2. The related work on effort estimation and agile software development is not presented in a way that corresponds to the three techniques under consideration in this paper's study, and instead follows a simple pile of literature in the timeline.
3. The background introduction only briefly introduces the three types of decision trees, random forests, and adaboost methods and principles, without summarizing the comparison.
4. The project strategy flowchart in Figure 4 can be explained further in Materials and Methods, and the summary highlights the paper's innovation points and contributions.
5.The relevant factors are only briefly listed in Figure 5 of Materials and Methods. The logic of the diagram and the inherent connection between the diagram and the methods in the paper can be given careful consideration.
6.Line 257's experimental running process should be mirrored in the experimental section, and the experimental processes should be described more methodically and clearly.
7. To conduct a more comprehensive experimental comparison and highlight the advanced nature of the models in this paper, the comparison experiments in the experiments should be divided into two categories: single-model experiments and multi-model combination experiments.
8. Although the problem of over-fitting data in Decision Tree is mentioned several times throughout the experiments, the preliminary solution is not provided in the subsequent paper.
9.There is a lack of real data project experiments in the paper, and there is a lack of innovation point summary, only the simple integration of three models.

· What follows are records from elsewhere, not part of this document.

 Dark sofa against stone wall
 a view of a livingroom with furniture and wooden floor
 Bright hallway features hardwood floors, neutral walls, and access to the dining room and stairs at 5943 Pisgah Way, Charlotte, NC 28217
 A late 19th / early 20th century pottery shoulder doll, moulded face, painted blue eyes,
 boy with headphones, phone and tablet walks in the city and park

Based on the above suggestions, it is considered that this paper needs to be revised and resubmitted.
Author Response
Please see the attachment.
Author Response File: Author Response.pdf
Round 2
Reviewer 1 Report
Thank you for your works.
Reviewer 4 Report
The authors have dealt with all my concerns.
Reviewer 5 Report
The authors carefully revised the paper according to the comments listed in this reviewer's reports. The concerns have been answered via the authors' efforts, and the quality of this paper was improved.